Sunday, 19 June 2022

An Overview of ASVspoof Challenge - A Community Led Effort towards Voice Spoofing Detection Research

Dr. Bhusan Chettri earned his PhD in AI and Speech Technology from Queen Mary University of London. His research focussed on analysis and design of voice spoofing detection using machine learning and AI. In this article Bhusan Chettri gives an insight on ASVspoof following his experience as a participant in two consecutive ASVspoof challenges held in 2017 and 2019 edition. See this for related publications and this for his PhD research work.

It is well acknowledged how vulnerable today’s Automatic Speaker Verification (ASV) systems, trained on vast amount of speech data using complex deep learning algorithms, are. To address the issue, the ASV community came up with the idea of promoting the research in spoofing detection by providing common evaluation protocols (which enables fair comparison of research findings), free spoofing datasets by organising a bi-annual research challenge so called automatic speaker verification and spoofing countermeasures ASVspoof challenge. See the official website for further details here.

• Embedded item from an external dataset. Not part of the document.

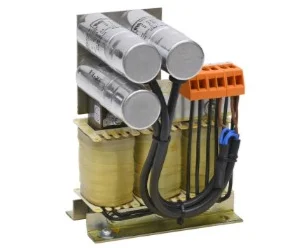 artiklikood: ME_209735, nimetus: FFR-SI-4.5A-SS1, kirjeldus: Sagedusmuunduri siinusfilter 4.5 A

ASVspoof is an ASV community driven effort promoting research in developing anti-spoofing algorithms for secure voice biometrics. A number of independent research studies had confirmed the vulnerability of voice biometrics to spoofing attacks, before the ASVspoof series began in 2015. However, these studies were mostly performed on small in-house datasets comprising limited speakers and spoofing attack conditions. Therefore, research results were hard to reproduce and understanding the true generalisability of the reported anti-spoofing solutions in unseen attack conditions was difficult. The main motivation of the ASVspoof series was to overcome these issues by organizing open spoofing challenge evaluations, promoting awareness of the problem, making publicly available spoofing corpora comprising sufficiently varying attack conditions with standard evaluation protocols, and further ensuring transparent research leading to reproducible results.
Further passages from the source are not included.